Mahkkee 막기 is pronounced "Uke" 受け in Japanese. Anyone who practices a Japanese martial art will know what Uke means. And in case you were wondering, it doesn't mean "block". In fact, in many instances of it's use it means the exact opposite. It means "to receive". This is incredibly important because it may change the entire way you view "blocking", especially if you practice Tangsoodo. You see, if you are blocking in a way that is meant to simply stop the opponents attack, you aren't understanding the full concept of Mahkkee.
... it doesn't mean "block".
These receiving techniques from Okinawa-te are much more complicated than just putting up a defense. Think of trying to catch a baseball without a glove. If you try to meet the balls velocity with force, you will more than likely hurt your hand. Instead you cradle it, and receive it. Now think if you had the ability to take that velocity, receive it, and instead of letting it disperse you used it to throw the ball back? You wouldn't need to use much energy because you were taking the energy already being in use. This is Uke... this is Mahkkee.
Let's hear it for the little guys!

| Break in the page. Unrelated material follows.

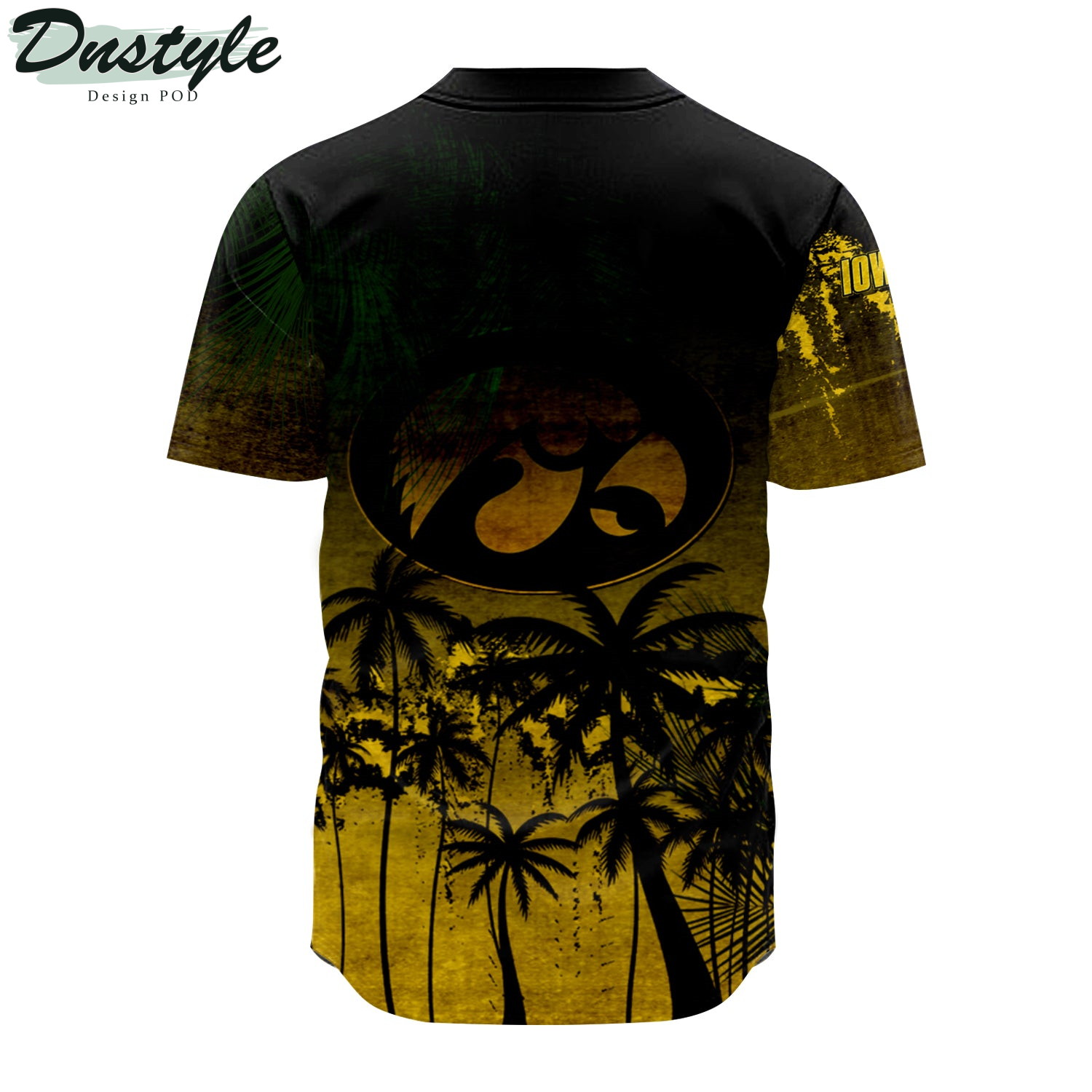 Iowa Hawkeyes Coconut Tree Tropical Grunge Baseball Jersey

With this understanding you don't have to be huge and musclebound to be able to block punches from people twice your size. Does anyone remember how short Hwang Kee was? Funakoshi, Matsumura Sokon, Anko Itosu... all short guys!
Many of you are probably asking, but what about all of those times my Sabom or Kyosa told me to block hard so to hurt the attacker on the defense? Well, first of all, I'm glad you were paying attention! However, you are only looking at part of the equation. The concept of receiving a technique does NOT require you to be soft, you can receive the technique quite violently. But you have to pay attention to where your energy is going. If you are trying to force the attack in a direction seemingly contrary to it's initial direction, you aren't receiving. However, if you can displace an attack allowing their energy to continue in a similar direction, you can do so with great amounts of waist twist and power.
If you look at many of our hyung, you can see that in most instances a block is followed by an attack. This isn't an accident. The defense is a receiving technique, gathering and displacing the attackers technique all the while following it up with an attack of your own.
Have questions about these applications? Ask your Sabom, or even your Kwanjang!